The study evaluates the effect of milling on the performance of pavement overlays. Out of eight sections
analyzed, four underwent a milling process, which involved replacing the milled thickness with the same material designated for the overlay, a procedure commonly referred to as a mill-and-fill operation. It is important to note that the design thickness for the milled sections did not account for the material that was replaced, whereas the non-milled sections had the overlay material applied directly onto the existing pavement. The thickness of the overlay varied between 2.2 to 7.1 inches. This study utilized a maximum Reclaimed Asphalt Pavement (RAP) content of 35% in the asphalt concrete (AC) for some sections, while the remaining four sections, which did not contain RAP, were composed of “virgin” material.
The hyperparameter settings employed by LMGOT include a genetic algorithm population size of N = 100, a crossover rate of 0.9, a mutation rate of 0.001, and an evolution generation count of 1000. This study specifically addresses transverse cracking, recognized as the most common form of distress in pavements. The occurrence of transverse cracking is influenced by four key factors: duration of service, method of surface preparation (mill/no mill), type of material utilized (virgin or reclaimed asphalt), and the thickness of the overlay. Designers evaluate the allowable length of transverse cracks as a critical metric for assessing pavement service life.

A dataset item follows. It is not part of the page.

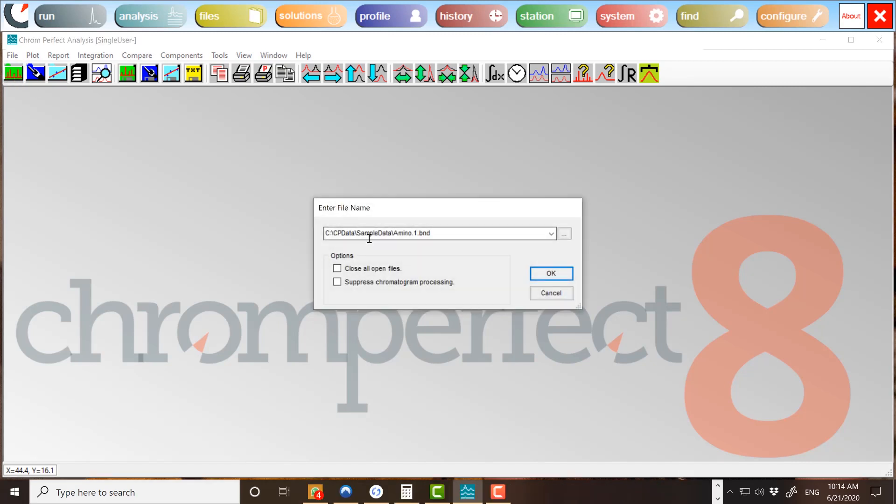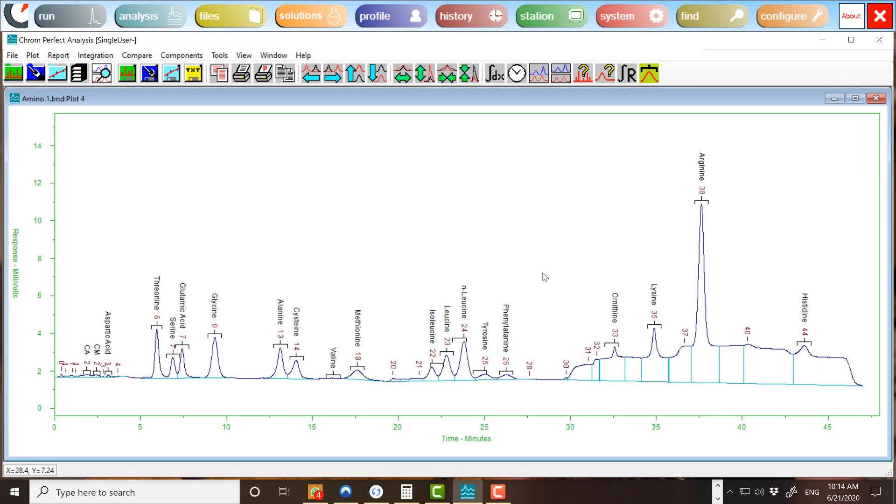Whenever a data file is opened, the analysis program integrates the chromatogram according to the threshold and peak width settings and the timed events in the method file. If the integration is not satisfactory, these settings may be changed and the plot will change to reflect the new settings. Most chromatograms will give a satisfactory integration when the threshold and peak width settings are correctly set.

The proposed model demonstrates that a 2-inch (50.8 mm) milling treatment has a minimal impact on mitigating transverse cracking in pavement. Research indicates that cracking can occur across various layers, including the asphalt layer, base, sub-base, and sub-grade. In the conducted experiment, it was observed that the ML = 1 (mill) surface treatment did not completely eliminate underlying cracks, which allowed for the propagation of transverse cracking into the asphalt concrete (AC) overlay.experiment, transverse cracking to propagate
Furthermore, the study examined the effects of using reclaimed asphalt concrete (RAP) in comparison to virgin asphalt concrete (AC) within a 2-inch thick overlay. After an 8-year service life, the crack length
in the overlay containing virgin AC was recorded at 44.4 meters, while the overlay with RAP exhibited a significantly longer crack length of 82.7 meters—approximately twice as extensive. This discrepancy is attributed to the higher viscosity of the aged asphalt binder found in RAP, which contributes to its reduced resistance to cracking when compared to virgin AC.
It is important to note that the length of cracking in pavement exhibits an inverse relationship with overlay thickness. To mitigate the occurrence of significant cracks after 8 years, the required overlay thickness would need to be 2.9 inches for virgin asphalt concrete (AC) and 7.8 inches for reclaimed AC. The findings illustrate the relationships between crack length, time, thickness, and reclaimed asphalt pavement (RAP), indicating that virgin AC (RAP = 0) demonstrates superior resistance to cracking compared to reclaimed AC (RAP = 1).
The LMGOT can generate a self-organized formula structure and optimize coefficients without relying on preconceived formula frameworks. This characteristic is particularly advantageous when the formula structure of certain material behaviors is unknown. Given that many material behaviors lack established formula structures, the LMGOT may present a more effective alternative to traditional non-linear regression methods in modeling these behaviors. Consequently, the LMGOT can assist researchers in developing a concise and physically meaningful formula.
Reference
Hsie, M., Ho, Y. F., Lin, C. T., & Yeh, I. C. (2012). Modeling asphalt pavement overlay transverse cracks using the genetic operation tree and Levenberg–Marquardt Method. Expert Systems with Applications, 39(5), 4874-4881.